OGRE_LIB_DIRECTORY probably needs to add an /ogre-next/ subdirectory by default to avoid conflicting with Ogre 1.x libraries since library names are the same. Alternatively/additionally the libraries could be renamed from libOgre to libOgreNext.

Changing libOgre to libOgreNext is very disruptive. I'd much prefer changing the much more harmless OGRE_LIB_DIRECTORY change

Understood.

Headers installed under typically under include/OGRE (many hardcoded paths in the code) would need to be placed in include/OGRE-Next”

50/50 disruptive. Depends on the project (i.e. some do #include <Ogre.h> others do #include <OGRE/Ogre.h>). But I don't see a better solution.

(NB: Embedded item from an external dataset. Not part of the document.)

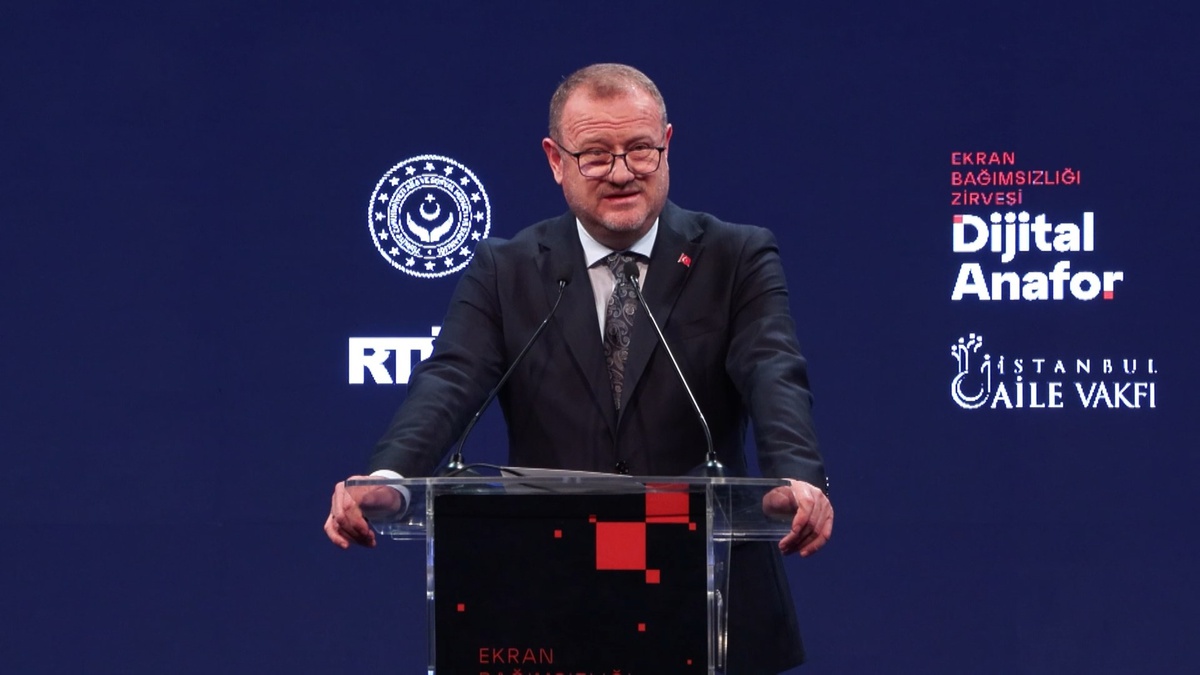 Bakan Göktaş: Hakikati ayırt edebilen ve mahremiyetini koruyabilen nesiller yetiştirmeyi hedefliyoruz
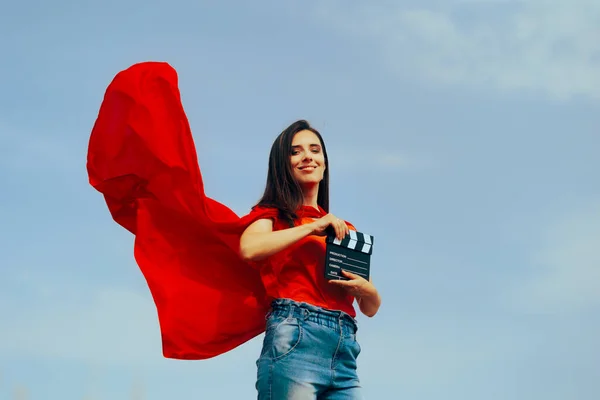 Aktris Mengenakan Kostum Superhero Memegang Slate Film — Stok Foto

Fortunately a little bit of "Search & Replace in files" from multiple IDEs should easily solve this problem.

Agree, we should be able to handle the change in source code.

OGRE_MEDIA_PATH from "share/OGRE/Media" to “share/OGRE-Next/Media”

I don't see this being a problem at all

Perfect.

Change the name of cmake/pkg-config modules to include ogre-next instead of just ogre.

I don't know how disruptive this is.

For the own project should not be really relevant nor difficult to change hopefully. It goes inline with the rest of the changes proposed. For the rest of the software out there using CMake/pkg-config to find Ogre-Next development libraries and headers they will need to change just the name.

Thanks again Matias, Silvio.

darksylinc commented 2 years ago

This one has been merged manually.

Thanks for your PR!

j-rivero commented 2 years ago

This one has been merged manually.

Thanks for your PR!

Wow, thanks! A good first step. However, if you don't mind @darksylinc , would you mind if we leave this issue open to track the changes needed to complete the proposal?